Verification studies demonstrated concordance between this test and the reference method for detection of SNV and delins is 99.7% (699/701) and 96.6% (226/234) of variants, respectively. Concordance for the detection of delins was 98.9% (186/188) in variants 1 to 10 base pairs (bp) in size, 95.8% (23/24) in variants 11 to 50 bp in size, and 88.9% (8/9) in variants 51 to 200 bp in size.

Clinical Reference

1. Strom SP. Current practices and guidelines for clinical next-generation sequencing oncology testing. Cancer Biol Med. 2016;13(1):3-11. doi:10.28092/j.issn.2095-3941.2016.0004

2. Spurr L, Li M, Alomran N, et al. Systematic pan-cancer analysis of somatic allele frequency. Sci Rep. 2018;8(1):7735. Published 2018 May 16. doi:10.1038/s41598-018-25462-0

3. US Food and Drug Administration (FDA): Table of Pharmacogenomic Biomarkers in Drug Labeling. FDA; Updated February, 10, 2023, Accessed July 31, 2023. Available at www.fda.gov/drugs/science-and-research-drugs/table-pharmacogenomic-biomarkers-drug-labeling

4. WHO Classification of Tumours Editorial Board: Central nervous system tumours. 5th ed. World Health Organization; 2021. WHO Classification of Tumours. Vol 6.

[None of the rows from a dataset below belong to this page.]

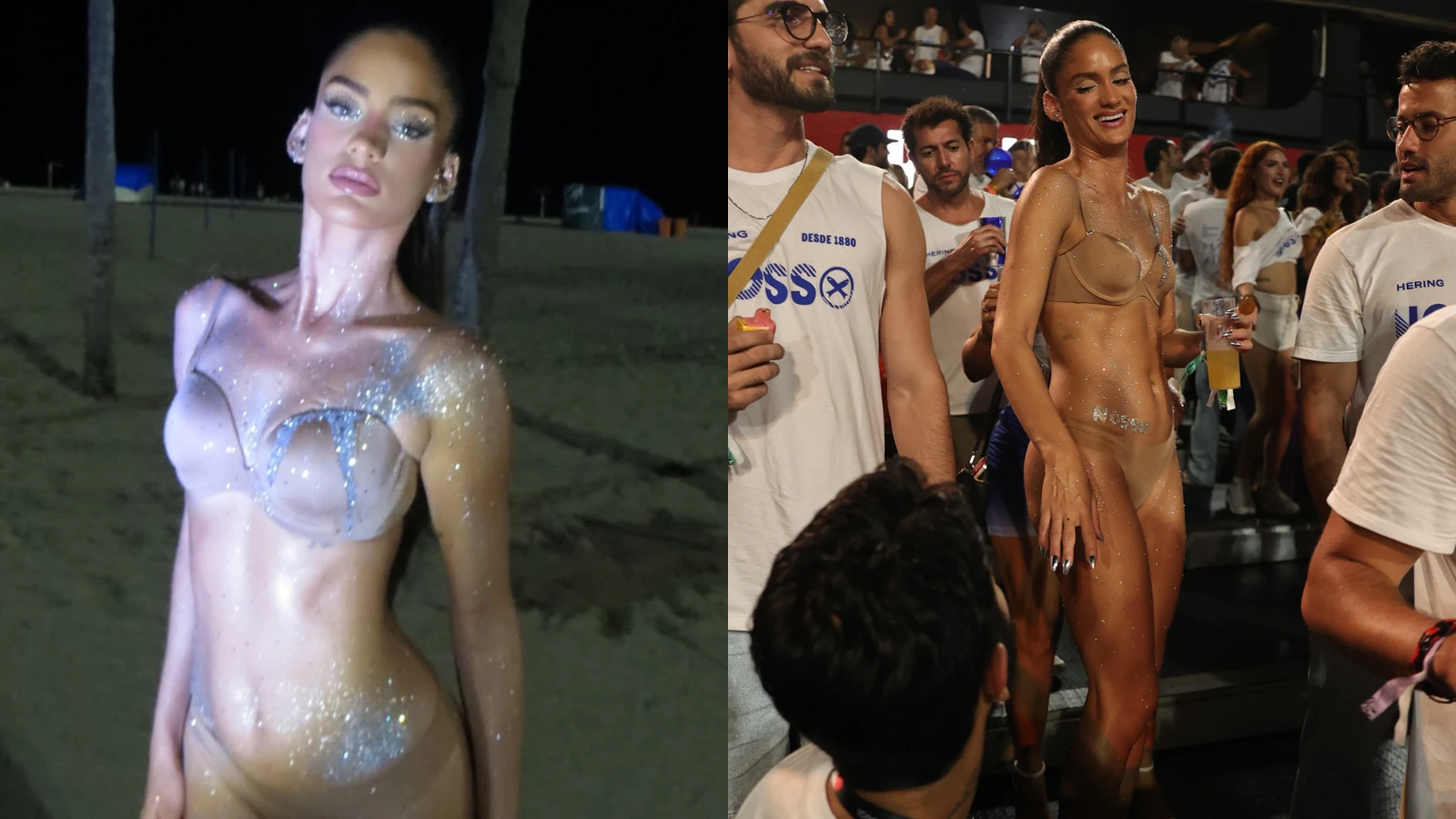 Laura Fernandez aposta em calcinha e sutia para camarote.webp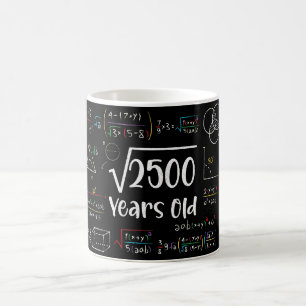 Square Root of 2500 50th Birthday 50 Year Old Gift Coffee Mug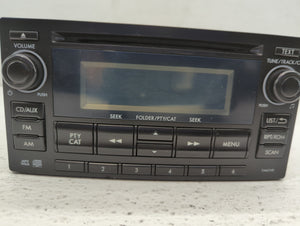 2012-2014 Subaru Impreza Radio AM FM Cd Player Receiver Replacement P/N:86201AJ61A Fits 2012 2013 2014 OEM Used Auto Parts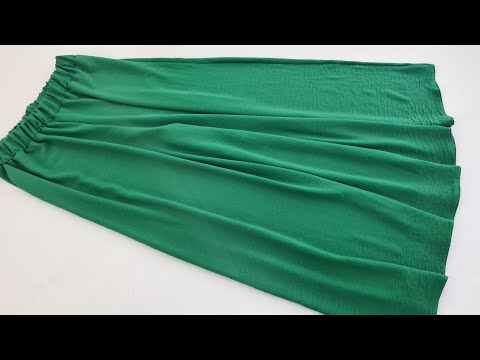 Видео: Как сшить широкие брюки, очень просто 🍀Как сшить расклешенную юбку/брюки палаццо🪡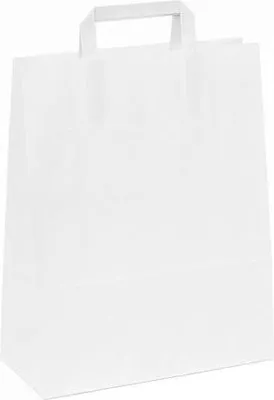 Obrázok produktu pre Darčeková taška z papiera 320 x 160 x 430, biela
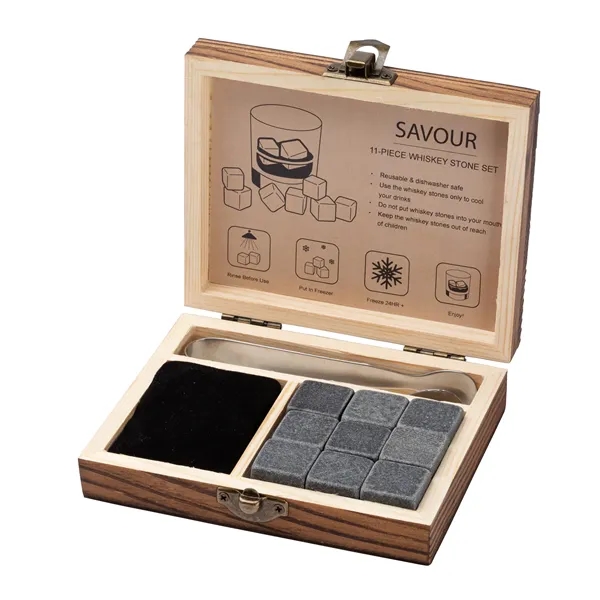 Savour 11-Piece Whiskey Stone Set - Savour 11-Piece Whiskey Stone Set - Image 13 of 17
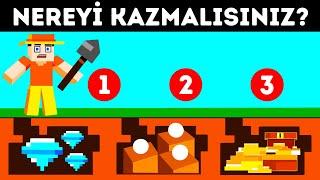 15 Bilmeceyi Çözün ve Minecraft Gizem Adasından Kurtulun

5. Yan H, Parsons DW, Jin G, et al. IDH1 and IDH2 mutations in gliomas. N Engl J Med. 2009;360(8):765-773

6. Cancer Genome Atlas Research Network, Brat DJ, Verhaak RG, et al. Comprehensive, integrative genomic analysis of diffuse lower-grade gliomas. N Engl J Med. 2015;372(26):2481-2498

7. Eckel-Passow JE, Lachance DH, Molinaro AM, et al. Glioma groups based on 1p/19q, IDH, and TERT promoter mutations in tumors. N Engl J Med. 2015;372(26):2499-2508

8. Mardis ER, Ding L, Dooling DJ, et al. Recurring mutations found by sequencing an acute myeloid leukemia genome. N Engl J Med. 2009;361(11):1058-1066

9. Jusakul A, Cutcutache I, Yong CH, et al. Whole-genome and epigenomic landscapes of etiologically distinct subtypes of cholangiocarcinoma. Cancer Discov. 20177(10):1116-1135

10. Amary MF, Bacsi K, Maggiani F, et al. IDH1 and IDH2 mutations are frequent events in central chondrosarcoma and central and periosteal chondromas but not in other mesenchymal tumours. J Pathol. 2011;224(3):334-343

Method Description

Next-generation sequencing is performed to evaluate the presence of a mutation in all coding regions of the IDH1 and IDH2 genes. See Targeted Genes and Methodology Details for IDH1/IDH2 Mutation Analysis for details regarding the targeted gene regions evaluated by this test. (Unpublished Mayo method)

 

A pathology review and macro dissection to enrich for tumor cells is performed prior to slide scraping.

Day(s) Performed

Monday through Friday

Report Available

12 to 20 days

Specimen Retention Time

FFPE tissue block: Unused portions of blocks will be returned within 10-14 days after testing is complete; FFPE tissue/cytology slides: Unused tissue slides are stored indefinitely; Digital images are obtained and stored for all slides used in testing

Performing Laboratory

Mayo Clinic Laboratories in Rochester

Test Classification

This test was developed and its performance characteristics determined by Mayo Clinic in a manner consistent with CLIA requirements. It has not been cleared or approved by the US Food and Drug Administration.

CPT Code Information

88381-Microdissection, manual

81479

LOINC Code Information

Test ID Test Order Name Order LOINC Value
IDHT IDH1/IDH2 Mutations Analysis, Tumor 104323-1

 

Result ID Test Result Name Result LOINC Value
617913 Result 82939-0
617914 Interpretation 69047-9
617915 Additional Information 48767-8
617916 Specimen 31208-2
617917 Tissue ID 80398-1
617918 Method 85069-3
617919 Disclaimer 62364-5
617920 Released By 18771-6

NY State Approved

Yes

Forms

If not ordering electronically, complete, print, and send an Oncology Test Request (T729) with the specimen.